Now you might tell me, I already have other messaging queues. I don’t want to rewrite or move everything to a new a messaging system right now. And that’s fine. Another unique feature of Pulsar is I can support other messaging protocols. This comes in really handy if you have say MQTT, I use that for IoT. Pulsar cluster can natively accept those protocol calls. You don’t have to change your client. Just point to a different broker. Same for AMQP, JMS, Kafka, makes it very nice. I could take all those apps that I have with different messaging clusters which may not be scalable, have them all go to Pulsar, makes it very easy. One cluster scales out, tiered storage, geo replication, different types of subscriptions, makes it really easy. Now what’s nice is, you know, those two sides unified.
So queuing, which you tend to do with like ActiveMQ or Rabbit, Pulsar supports that. Data streaming, think Kafka, Kinesis, Pulsar does that too. Just different subscription types makes it very straightforward.
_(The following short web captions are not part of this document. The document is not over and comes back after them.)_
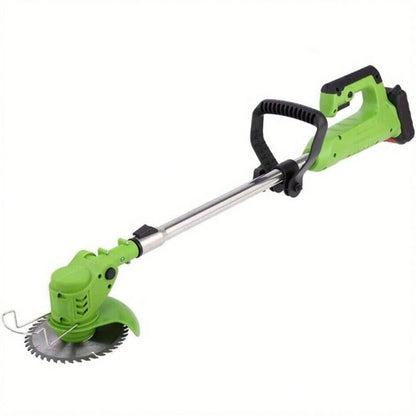 600W Cordless Wacker, Grass Trimmer, Comes With 2 Batteries, High Power Lawn Trimming Tool, Lightweight Wireless Cutter, Perfect For Lawn, Garden, Walkway Edging And Overgrown Grass Clearing
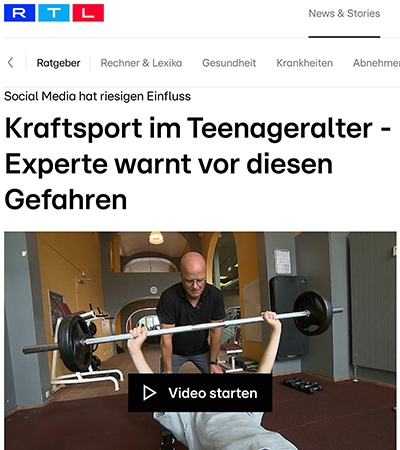 Kraftsport im Teenageralter – Experte warnt vor diesen Gefahren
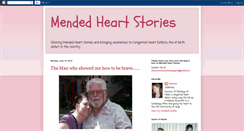 Desktop Screenshot of mendedheartstories.blogspot.com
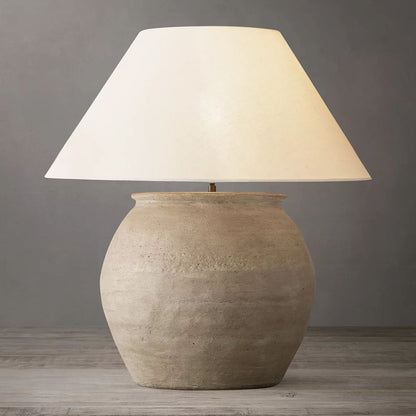 Terracotta Table Lamp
And again, I get that data into Pulsar, maybe syncing it to Solr is enough, maybe it’s not. Maybe I want to do additional stream computing on it. Nice connector there with Flink makes that trivial. Solr, obviously everyone knows Solr here. That’s what you’re at the conference, but I just wanted to show you Pulsar plus Solr, really good friends. ‘Cause I just set up that sync and just start streaming data there. You don’t have to write any custom apps. You don’t have to think about it. So I could just have that go there every time I add something there. I could still consume it somewhere else for doing other processing, but it makes it really easy to make things available to your search.
Now in here as well, I’ve got a little bit of NiFi. It lets me do some of the cleanup and makes me able to have a very easy way to ingest and translate data. This is another good way to get all different types of data into Solr, and I’ll show you that in the demo. We’ll go through those pretty quick, but it’s got native connectors for Solr. Lets you pick what fields you want to index on there. You don’t have to do too much work to get your data quickly, go into Solr. You could also query it out. So if you need to see what’s going on in Solr or use it in an app, very trivial. I do a little bit with NLP. So you could do some natural language processing. Very straightforward. Again, we’ll show you this in the demos. Tika lets me process any kind of file. Like turn a PDF into usable data, which is really powerful.
Now let’s go to the demo. I think that’s really important. Now I have a Pulsar cluster running. It’s got schemas, it’s got some messages already, and I’ll show you how I got the data there. Now for certain applications, I’m doing it with NiFi. This one in NiFi, I’m listing all those PDFs that I have. And then I’m processing them, pulling the data apart, splitting it, running some NLP on there, getting to see if there’s any reserved words or locations in there. Those can be really handy here. Here, I found a name and a date. And that way I can use that. I’m doing some sentiment analysis. Get all that data into a nice format, and then I could push it right to Solr. Obviously I’ve got a ton of data there. I could take a look and let’s see which a collection that’s in. I’m pushing that to my document collection. If you look here, you can see all the data I’m getting out. There’s that sentiment. There’s the name of the file. There’s the individual sentence that I gone on there. So ton of different documents. I could have pushed it in as one big document, but I really wanted it at an event level. So I could really get to that depth. Again, it depends on what you want to do. Pretty straightforward to do that.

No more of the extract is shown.